Die PDS hat zwar erstaunlich lange gebraucht, sich aber spätestens ab Herbst 2004 als Sprachrohr des Protestes gegen die Sozialreformen der Regierung hervorgetan. Dies stößt in Ostdeutschland aus zwei Gründen auf besondere Resonanz. Zum einen sind die wirtschaftlichen Probleme gravierender, so dass ein größerer Teil der Bevölkerung direkt von Kürzungen oder Verschärfungen sozialstaatlicher Leistungen betroffen ist; zum anderen wird der Staat deutlich stärker als im Westen dafür verantwortlich gemacht, den Bürgern Arbeit und soziale Sicherheit zu gewährleisten. Dies hat sich als Erbe der DDR-Zeit in der politischen Kultur des Ostens erhalten. Daher stoßen die relativ ähnlichen wirtschaftspolitischen Konzepte von SPD und Union, die von mehr Eigenverantwortung und mehr Wettbewerb handeln, im Osten vielfach auf Unverständnis.



PDS-Delegierte stimmen zu Beginn des PDS-Parteitages am Sonntag, 17. Juli 2005, in Berlin über die Tagesordnung ab.Bild: AP


In der Rhetorik der PDS stehen die "Westparteien" für Sozialabbau und haben die spezifischen Probleme des Ostens aus den Augen verloren. Die Präsenz der Partei vor Ort durch ihr relativ starkes Organisationsnetz sowie die wortgewandte Charismatik der beiden Spitzenleute Gysi und Lafontaine verstärken diese Botschaft vor der Wahl 2005 noch erheblich. In Ostdeutschland wird die neue Linkspartei mit der alten PDS gleichgesetzt; was es mit dem neuen Bündnispartner auf sich hat interessiert die Wähler der PDS nur am Rande.
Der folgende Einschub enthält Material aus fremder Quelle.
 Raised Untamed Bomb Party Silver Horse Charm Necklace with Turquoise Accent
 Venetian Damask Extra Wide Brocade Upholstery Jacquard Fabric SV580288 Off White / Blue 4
Auch wenn zu erwarten ist, dass die Linkspartei im Verlauf des Wahlkampfes durch die Zuspitzung auf die Auseinandersetzung zwischen SPD und Union noch etwas an Zuspruch verlieren wird, kann als recht sicher gelten, dass sie über 20 Prozent der Stimmen im Osten erhalten wird. Im Westen werden wenige Prozentpunkte hinzukommen, so dass die Linkspartei mit etwa acht bis zehn Prozent der Stimmen im Bundesgebiet rechnen kann. Damit ist einerseits klar, dass es für Rot-Grün nicht mehr reichen wird, andererseits wird es zu keinem Dreierbündnis auf der Linken kommen. Dies lässt zwei Optionen offen: Eine bürgerliche Koalition oder eine große Koalition. Sofern die Linkspartei ihre Stärke in Ostdeutschland bis zum Wahltag in etwa konservieren kann, schwächt sie den Vormarsch der Union und stellt die Weichen in Richtung Große Koalition.

Der Politologe und Parteienforscher Klaus Detterbeck (Jahrgang 1966) lehrt und arbeitet am Institut für Politikwissenschaft der Universität Magdeburg.